Computers are just the latest incarnation of new technology as a magic
bullet. In 1922 Thomas Alva Edison -- not normally thought of as an
imbecile -- wrote this about the motion picture:
"I believe that the motion picture is destined to revolutionise our
educational system and that in a few years it will supplant largely, if
not entirely, the use of textbooks. I should say that we get about two
percent efficiency out of schoolbooks as they are written today. The
education of the future, as I see it, will be conducted through the medium
of the motion picture where it should be possible to obtain one hundred
percent efficiency."
That obviously didn't happen. Neither did "universities of the airwaves"
with radio and except for a very few exceptional examples like Sesame
Street and The Electric Company, neither did television. And neither will
computers, and for all the same reasons.
It's not that computers are of zero value in the classroom; it's that
teachers by and large are computer-phobic and not taught to use anything
other than the web and M$ office and maybe, just maybe, front page.
Sometimes HyperStudio but from what I've heard from people who graduated
with their teaching credential from my institution, the HS class was
taught by somebody who didn't know anything about it.
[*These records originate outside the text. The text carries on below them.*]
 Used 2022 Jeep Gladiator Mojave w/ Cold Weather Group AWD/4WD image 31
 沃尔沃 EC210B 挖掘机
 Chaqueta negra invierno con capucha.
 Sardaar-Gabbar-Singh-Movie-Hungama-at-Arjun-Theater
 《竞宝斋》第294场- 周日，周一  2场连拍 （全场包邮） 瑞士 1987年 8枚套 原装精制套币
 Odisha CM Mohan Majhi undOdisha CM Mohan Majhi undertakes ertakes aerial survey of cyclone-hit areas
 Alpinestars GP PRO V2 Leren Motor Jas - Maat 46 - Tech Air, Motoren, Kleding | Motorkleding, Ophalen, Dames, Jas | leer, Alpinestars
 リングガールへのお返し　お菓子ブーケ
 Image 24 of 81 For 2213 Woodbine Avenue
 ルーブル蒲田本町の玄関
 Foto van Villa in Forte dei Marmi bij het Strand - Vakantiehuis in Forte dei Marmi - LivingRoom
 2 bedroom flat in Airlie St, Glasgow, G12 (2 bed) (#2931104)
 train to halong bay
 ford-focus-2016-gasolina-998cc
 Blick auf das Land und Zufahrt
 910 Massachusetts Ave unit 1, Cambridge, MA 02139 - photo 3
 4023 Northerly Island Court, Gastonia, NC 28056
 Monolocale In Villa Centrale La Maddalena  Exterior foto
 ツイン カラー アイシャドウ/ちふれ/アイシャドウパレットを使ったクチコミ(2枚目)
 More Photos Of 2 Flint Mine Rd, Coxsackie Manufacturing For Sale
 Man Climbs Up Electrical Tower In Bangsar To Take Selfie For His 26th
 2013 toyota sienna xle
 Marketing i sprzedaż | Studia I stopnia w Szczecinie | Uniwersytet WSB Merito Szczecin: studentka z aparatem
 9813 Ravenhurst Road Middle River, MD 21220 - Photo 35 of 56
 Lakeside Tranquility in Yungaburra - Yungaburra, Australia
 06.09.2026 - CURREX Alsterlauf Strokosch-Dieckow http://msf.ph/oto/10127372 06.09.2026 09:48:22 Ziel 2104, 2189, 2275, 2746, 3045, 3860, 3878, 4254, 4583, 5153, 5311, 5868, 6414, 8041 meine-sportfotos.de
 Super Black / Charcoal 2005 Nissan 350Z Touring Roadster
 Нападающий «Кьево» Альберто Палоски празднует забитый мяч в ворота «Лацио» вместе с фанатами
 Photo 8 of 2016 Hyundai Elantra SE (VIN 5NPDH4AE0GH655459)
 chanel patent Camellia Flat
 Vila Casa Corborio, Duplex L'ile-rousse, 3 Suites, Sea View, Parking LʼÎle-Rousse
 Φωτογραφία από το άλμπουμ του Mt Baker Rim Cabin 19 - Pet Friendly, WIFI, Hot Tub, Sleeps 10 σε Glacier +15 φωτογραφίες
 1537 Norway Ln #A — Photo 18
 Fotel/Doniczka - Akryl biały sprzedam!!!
My kids have been in US public schools for 6 years. Every year I've asked
the kids about computer usage (little to none), asked whether they even
were functional (frequently not) and checked them out myself to see that
there's basically NOTHING installed and working.
I wrote a little multiplication bingo game to help my kids learn their
multiplication tables and gave a license to each of their two teachers.
Neither one could figure out how to install it/use it.
Sigh.
I have college students who don't understand the concept of FILE FORMATS
or that they can't overwrite files that they still need to have; who can't
figure out what they named their file or where they saved it. Who can't
login to a system where their login and password are first initial last
name.
I kid you not.
:(((((((
Judy
On Tue, 25 Oct 2011, Jeff
Reynolds wrote:
> having run a high school computer lab and taught multimedia there its really
> true that they are oversold and underused. it takes a lot of creativity and
> flexibility to find when and where you get a hight bang for the buck to use
> computers in the classroom, otherwise you are just spending a lot of time and
> money that yields negative learning returns... i do fear taking the other
> extreme can be just as problematic.